PROBLEM :: Restate exactly the lines that run from the start of the records below to the line containing "How to Do Community", counting both ends, and nothing else; pictures stay out.

Segment Start: WORKING DATA

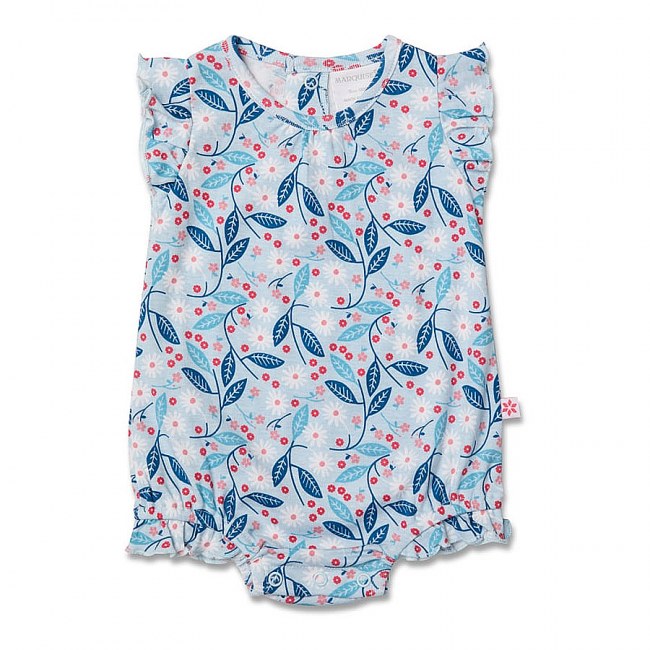 Marquise Girls Daisy Chain Romper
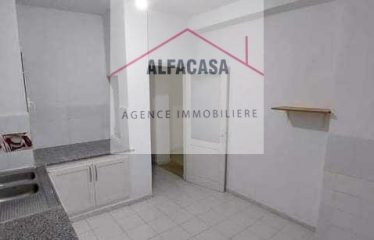 A LOUER UN ETAGE DE VILLA S+2 A AIN ZAGHOUEN NORD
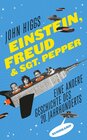 Buchcover Einstein, Freud und Sgt. Pepper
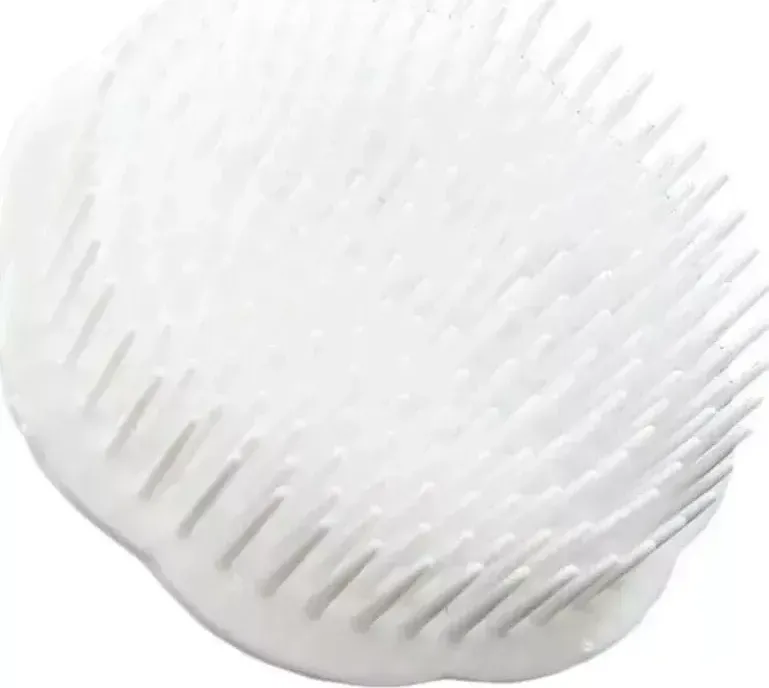 Массажер Gess SPA Brush щетка для тела белый (GESS-693)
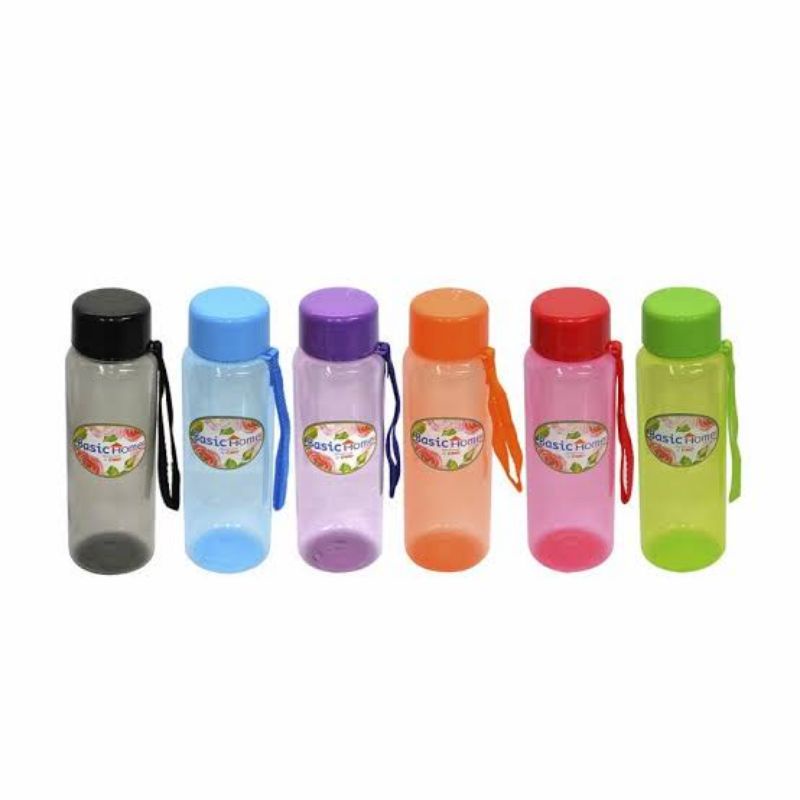 Basic Home Lion Star Minigo Bottle 400ml Botol Air Minum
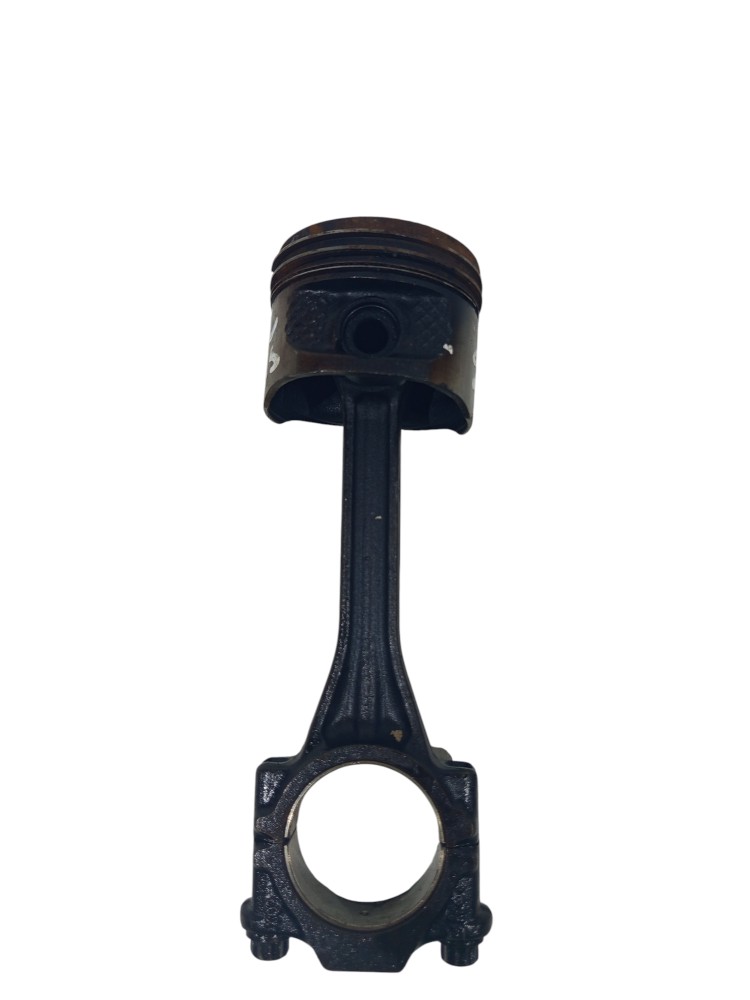 Pistão Biela Motor Gol Vw 1.0 8v At 1995 1996 A 2005 1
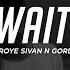 Troye Sivan Gordi Wait Lyrics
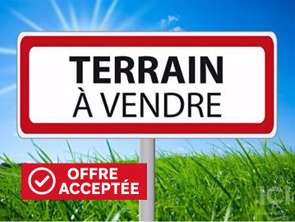 Vente Terrain 392 m&sup2;Treillières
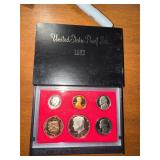 1982 US Proof Set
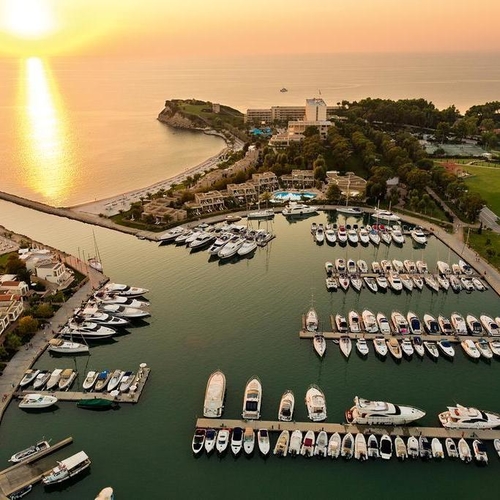 Sani Dunes Resort – Halkidiki, Greece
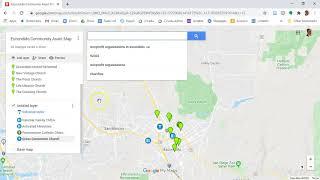 How to Do Community Asset Mapping (ABCD) Using Google's My Maps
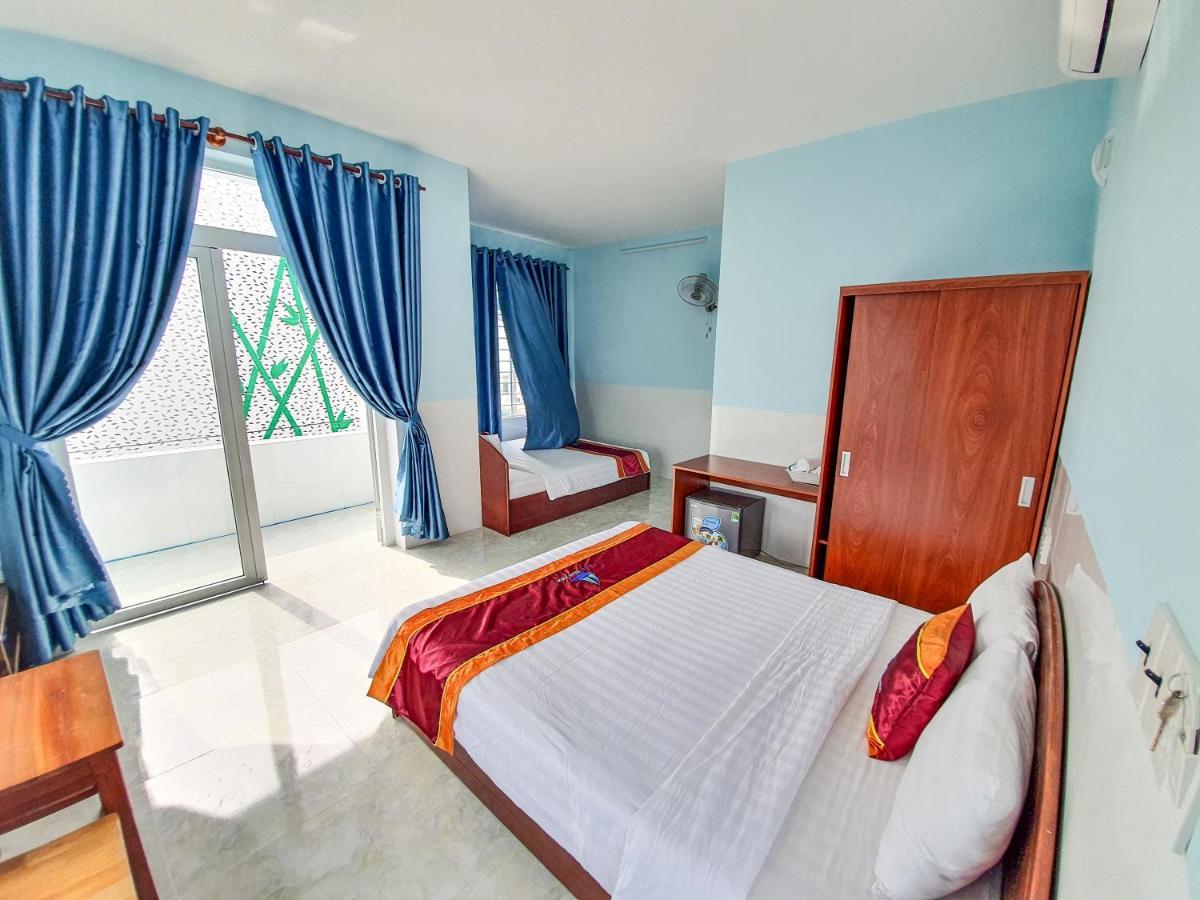 Hotel Dang Khoa Chi Khu Co Ong Esterno foto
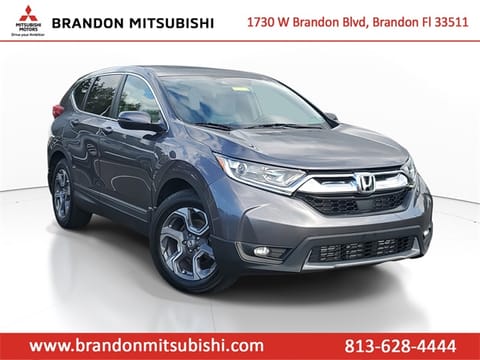 1 image of 2018 Honda CR-V EX-L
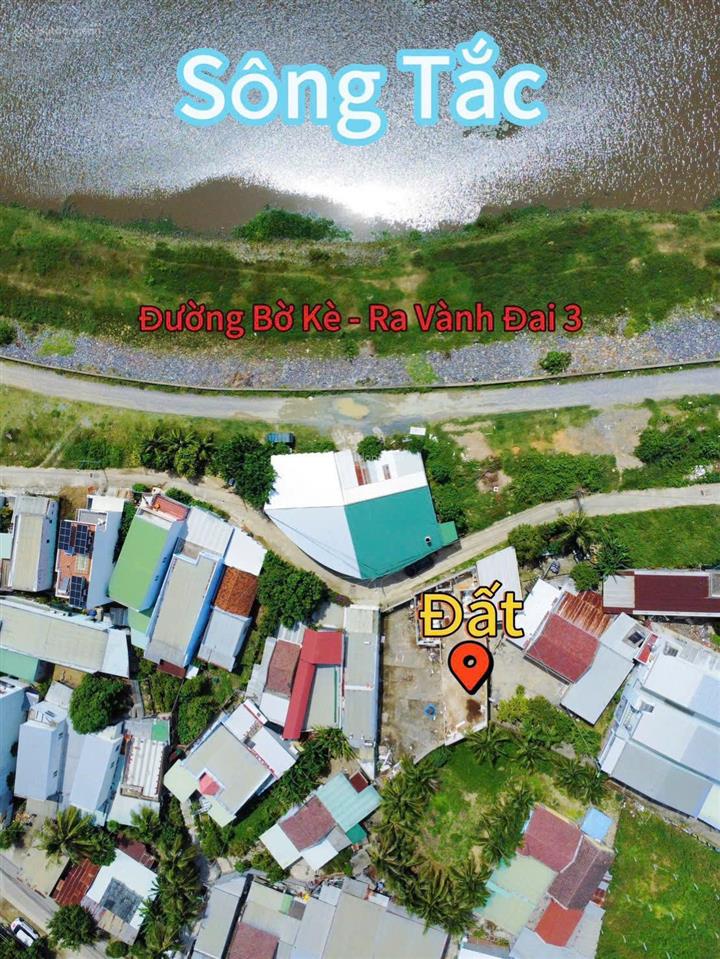 Bán đất thủy tú vĩnh thái  phường nam nha trang, ngay vàng đai 3, giá chỉ hơn 30tr/m2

Segment End: WORKING DATA

SOLUTION FOR THIS PROBLEM ::
 Marquise Girls Daisy Chain Romper
 A LOUER UN ETAGE DE VILLA S+2 A AIN ZAGHOUEN NORD
 Buchcover Einstein, Freud und Sgt. Pepper
 Массажер Gess SPA Brush щетка для тела белый (GESS-693)
 Basic Home Lion Star Minigo Bottle 400ml Botol Air Minum
 Pistão Biela Motor Gol Vw 1.0 8v At 1995 1996 A 2005 1
 Troye Sivan Gordi Wait Lyrics
 Vente Terrain 392 m&sup2;Treillières
 1982 US Proof Set
 Sani Dunes Resort – Halkidiki, Greece
 How to Do Community Asset Mapping (ABCD) Using Google's My Maps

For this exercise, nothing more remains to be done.